Tensions were bubbling in Hlaing Thayar township in Yangon – the city’s largest with a population of over 600,000, including many migrant workers. As expected, many would-be voters could not find their names on voting lists.

Ma Kyi Kyi Soe cried as she spoke to The Myanmar Times about not being included on the voter list. "The whole family is missing from the voter list even though we have lived in Hlaing Tharyar for many years,” she said.

Vote counting in Mandalay took an unexpected twist. To cheers and boos from the watching public, electoral officials in a Mandalay Region township were counting votes one by one in public. The unusual counting method was adopted to allay fears that unqualified voters had been trucked in to rig the result.

Voting was also held in Laukkai, the main town in the conflict-hit Kokang region which has been under martial law since February.

Hundreds of thousands of Rohingya Muslims were disenfranchised by the government earlier in the year, mostly in Rakhine State, but members of the Kaman Muslim minority, which is officially recognized as an ethnic group by the state, were voting.
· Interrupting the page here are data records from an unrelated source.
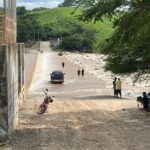 PROTECCIÓN CIVIL DE BAHÍA DE BANDERAS ATIENDE VEHÍCULO ARRASTRADO POR LA CORRIENTE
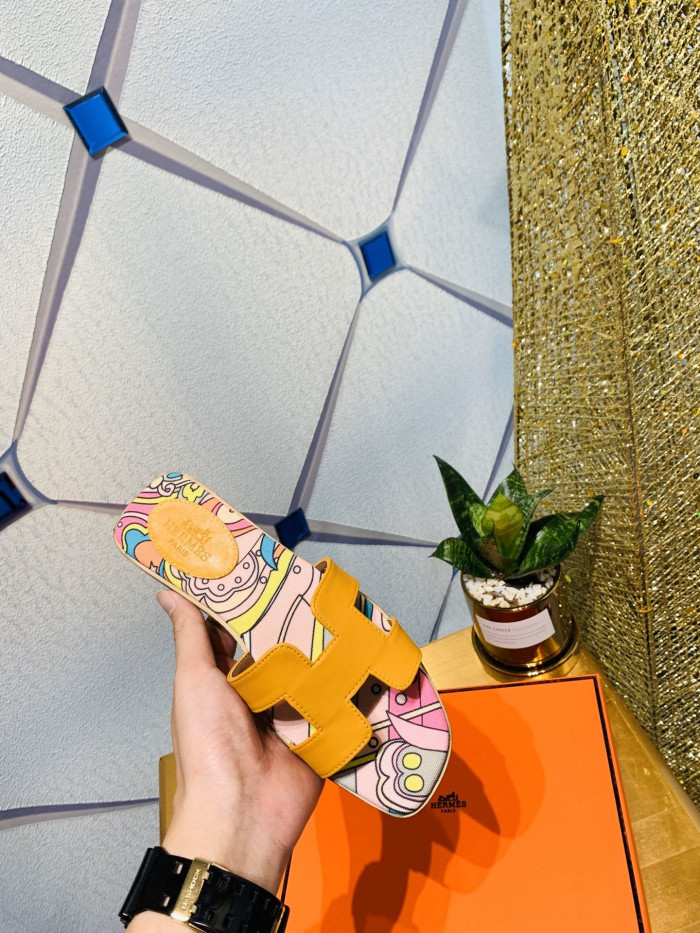 H**me5 SANDALS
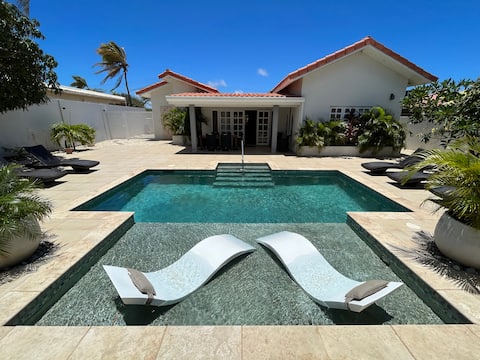 Sun, Fun & Family Time – Private Villa with Pool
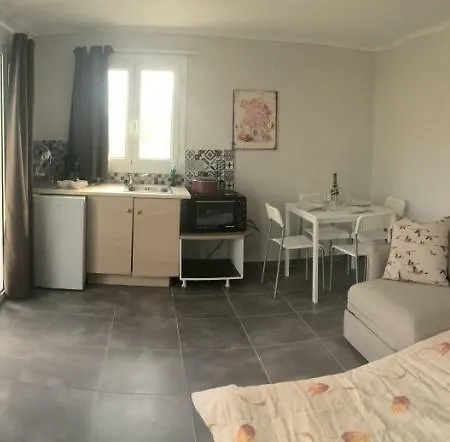 Apartment Daphne's Boutique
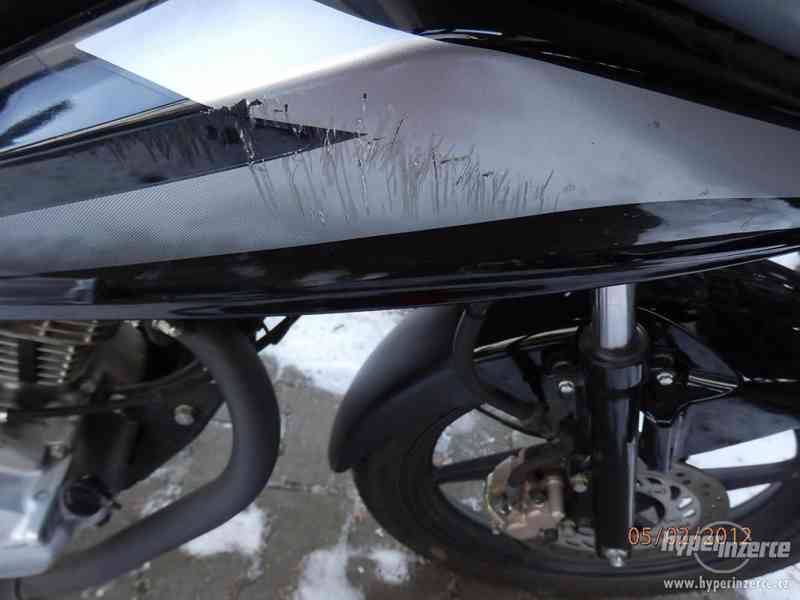 HONDA CBF 125 - foto 4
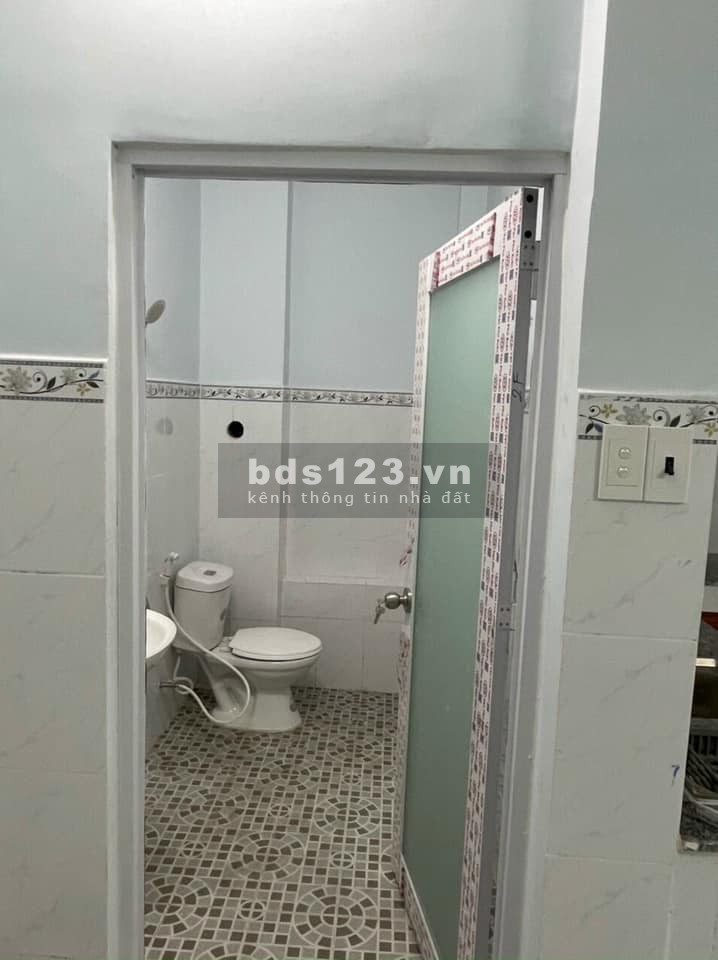 Nhà khu công nghiệp Tây bắc cần bán.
The NLD appeared on course to win vital seats in southern Rakhine, thanks in part to Muslim support.

U Yan Myo Thein, a political analyst, said he was amazed at the voters’ desire for political change. He expressed some concerns over irregularities, such as denying people their right to vote, but said it was possible that the NLD would win two-thirds of the elected seats in parliament. He said the party would then try to win the trust of some ethnic parties in forming a government as well as build relations with the USDP and the military.